El lobo destructor y
salvaje representa las fuerzas sociales, inconscientes y devoradoras contra las
que tenemos que aprender a protegernos.
¿Cómo podríamos aplicar esto a la situación actual?
Veámoslo.
Sin duda a
casi todos nos leyeron o contaron el cuento de los tres cerditos. Y tal y como
nos lo contaron, lo contamos nosotros y así generación tras generación. Con ese
cuento se nos quería trasmitir un mensaje que parece no captamos.
Una y otra vez
empezamos la casa por el tejado, o la construimos con materiales débiles. Una y
otra vez preferimos los resultados rápidos y brillantes a la laboriosidad. (Como
los cerditos menores) Y es que adoramos la brillantez, nos subyuga el individuo
brillante, ese que parece que no necesita pensar para acertar y no nos damos
cuenta de, siempre con contadas y honrosísimas excepciones, en la mayoría de
los casos se trata de fuegos fatuos.
Además, como
somos humanos, a todos nos tienta el deseo de brillar aunque solo sea una vez
y, con cierta frecuencia, seríamos merecedores del quevedesco “Sol os llamó mi
lengua pecadora…”
Mas no es esto
lo peor, sino que ese afán se contagia
a los seres en formación que nos rodean, los que deberían poder aprender de
nosotros; incluso se ven inducidos a perseguir ese afán y los estropeamos
porque, como quizá diría Moratín (perdóneme D. Leandro el atrevimiento) los
juzgamos brillantes luego que los vemos instruidos en el arte de repetir antes
que en el de pensar y razonar.
La verdad es
que cuando oigo el calificativo de brillante o excelente como se dice hoy, un
escalofrío me recorre el cuerpo, porque ya sé, que antes o después se hablará,
con cierto aire de conmiseración, de su contrario, ese pobre ser humano que no
es brillante (a veces se dice inteligente aunque no siempre sea lo mismo), pero
es trabajador. Es decir que el pobre infeliz a quien dios o el diablo no le dio
la capacidad de brillar le dio las ganas de trabajar. Y eso, creo,
para la formación de un adolescente puede ser nefasto. Cuantos que empezaron
sus estudios bastante bien se fueron estropeando a causa de ese creer que eran
superiores, solo por tener una buena memoria o ser rápidos en aprender (o
retener o repetir).
Hoy, parece
que en vez de paliar esos problemillas se agudizan y se puede estar llegando al
“cuanto menos haga mejor”. O se brilla sin esfuerzo o se vive apagado, pero sin
dar un palo al agua, coloquialmente hablando.

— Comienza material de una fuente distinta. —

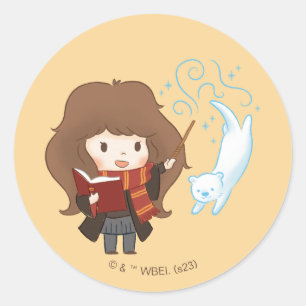 Chibi Hermione Granger Patronus Classic Round Sticker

Después de todo y bien mirado si “al brilla un
relámpago nacemos y aún dura su fulgor cuando morimos…” ¿Para qué tales ansias
por brillar? Me quedo con el trabajo que es muy sano, aunque se nos haya
inculcado la idea de que es un castigo divino. ¡Cuántos luchan y hasta lloran
hoy por un trabajo!
No agrego ejemplos muy actuales y hasta sangrantes
porque podría herir susceptibilidades. Que cada cual reflexione sobre el asunto
y extraiga sus propias consecuencias.
Tal vez no estéis de acuerdo. Es lo que pienso. Gracias por leerme.